忘れえぬ君 4

10、忘れっぽい男

「外、すごい雨だぜ?陛下が降雨量の調整でもしてるんだろうか。とりえず、タオルくれ、タオル。」
裏口から入るなり、注文をつけた俺に、真っ白なタオルが勢いよく頭から被せられる。
「どーも。」
相変わらずのぞんざいな仕打ちに嫌みっぽく言ってやって、俺は頭を拭いた。
「もう、来ないと思ってました。」
呟くように言われ、
「なんでだ?これ、俺のために用意してあったんだろ?」
タオルの端をひょいと持ち上げてやる。そもそも俺がくると思ってなかったらお前が裏口に待ち構えてる道理がないじゃないか。言ってることが支離滅裂なんだよ、お前はいつも。とぶつぶつ口の中で続けるが、後が怖いので、声のボリュームは限りなく小さめだ。
「別に。貴方に覚えがないならいいんですがね。毎週毎週懲りもせず、貴方の性欲にはホント、閉口しますね。」
後半は聞き捨てならない。
何かひどいことを言い返してやりたい一心で口を動かそうとするが、一気に頭に血が上ってしまい、口がパクパクしてしまう。
「タオルを返してください。ていうかそれ、鯉のモノマネか何かですか?似てませんけど。」
お前を簀巻きにしてコンクリート詰めにしてあれだ!オーサカ湾に沈めてやる!!!いや、生ぬるい!!ゴエモン風呂でシチューにして肥溜めにぶちまけてやるっっ!!
妄想しながら鼻息を粗くする俺に、
「来ないんですか?」
と、先に歩き始めていたリュミエールが振り返った。
「行く。」
思わず素に戻ってしまう。こういうとき、脊髄反射で返事をするように躾けられている我が身が恨めしい。家庭でも学校でもそうだったしな、俺の場合。

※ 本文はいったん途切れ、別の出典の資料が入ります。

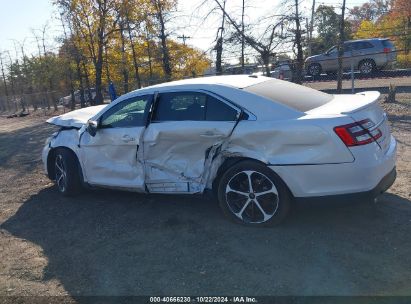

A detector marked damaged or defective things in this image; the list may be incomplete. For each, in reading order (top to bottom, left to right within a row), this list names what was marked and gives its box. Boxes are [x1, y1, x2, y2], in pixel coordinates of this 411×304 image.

exposed wheel well [47, 147, 82, 182]
dented rear door [143, 90, 241, 192]
damaged white car [41, 74, 396, 224] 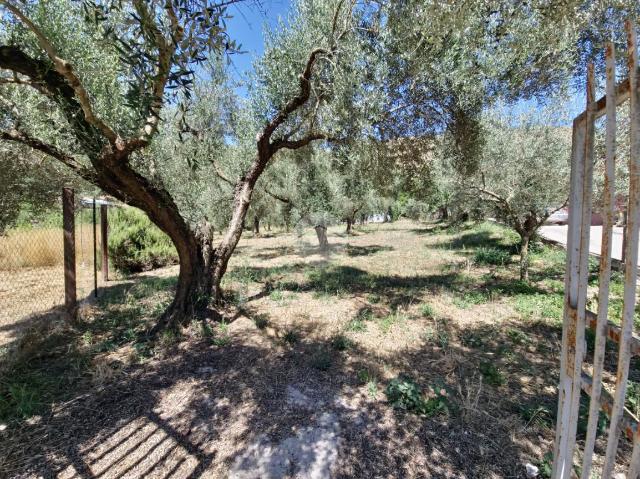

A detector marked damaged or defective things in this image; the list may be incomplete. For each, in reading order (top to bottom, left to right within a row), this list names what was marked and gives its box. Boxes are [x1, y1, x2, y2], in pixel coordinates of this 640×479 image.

rusty metal gate [552, 20, 640, 478]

いつものように、寝室に招き入れられ、俺は服を脱ごうと、ベッドに腰を降ろした。どうせ、脱がなければ脱げと、ベッドに行かなければ行けと言われるのだ。だったら自分から行く方がマシだ。俺はそういう結論に達していた。
濡れて肌に張り付くシャツのボタンに俺が手をかけようとすると、リュミエールがタオルを持ったまま近づいて来て、それを頭にもう一度ばさっと被せた。
まさかまた、縛ったり目隠ししたりするつもりじゃあるまいな、と俺が構えていると、
「じっとして。」
低く優しげな声が上からかかった。この声にいつも俺は不意を突かれて来たのだ!と、なおも構えていたが、髪を、タオルの上からわしゃっと掴まれて、俺は身体の力を抜いた。

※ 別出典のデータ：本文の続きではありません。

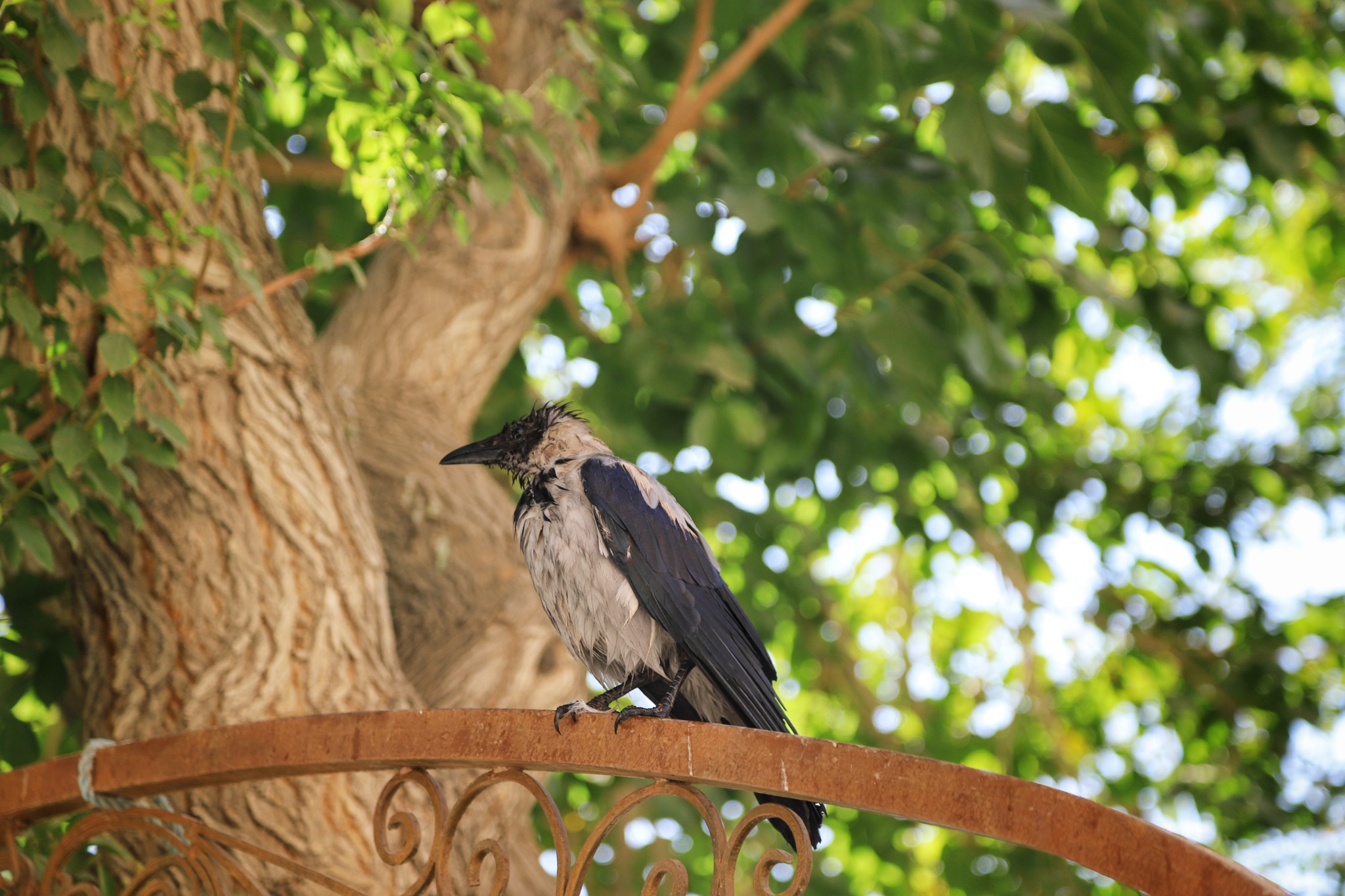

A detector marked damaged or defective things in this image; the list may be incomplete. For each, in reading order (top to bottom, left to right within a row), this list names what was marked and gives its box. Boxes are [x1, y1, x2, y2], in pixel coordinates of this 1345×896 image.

rusty iron gate [0, 714, 1287, 893]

なんでされるがままになったのだろう、とぼーっと考えていると、湯殿で、エヴァが髪を拭いてくれるときと、やり方が一緒だからだ、と思い当たった。
気持ち良さに任せて、そのまま目を瞑っておとなしくしていると、髪が拭きおえた指が、耳の中まできゅぅと拭いていく。自然に顔が上向きになる。
それを合図に目をパチッと開けると、そこにリュミエールのドアップがあった。しばらく、お互い無表情に向き合っていたが、
「お前、なんか変じゃないか?」
と、ぼそっと自分が口にしたのをきっかけに、段々言い知れぬ恥ずかしさが込み上げて来た。なんかムード的に。あれだ。なんというか。
リュミエールは、そんな俺に構うつもりもないらしく、大仰にため息をついて、ぽい、と濡れたタオルをベッドに投げた。
「変なのは貴方でしょうに。」
と、突然床に立膝になり、俺のシャツのボタンに手をかけた。
「おい?」
俺が声をかけてもまるで無視。リュミエールの旋毛を凝視するが、やはり答えはない。
「おいってば。」
その肩をびしばし叩く。その間にも、どんどんボタンは外されていく。
「静かにしててもらえませんか。」
いつもは、脱げだのベッドに行けだの誘えだの、色気が足りないだの言うくせに・・・。あ。わかった。そういうこと?
「これって、何かのプレイ?」
かなり解答に近いラインを突いたんじゃねぇかと、思わず口に出すと、
「・・・黙って。」
今度は鋭い視線と共に、怒気を含んだ声が発された。正直、こいつのこういう顔、苦手。いや、全部苦手だが。
全部ボタンを外し終わると、リュミエールは腰をあげ、俺の髪の生え際に唇を落としながら、シャツを俺から剥いでいく。こういう、啄むようなやつ、最近誰かにされたよーな・・・となんとはなしに思いを巡らせて、リュミエールの養父の前で抱かれた日を思い出した。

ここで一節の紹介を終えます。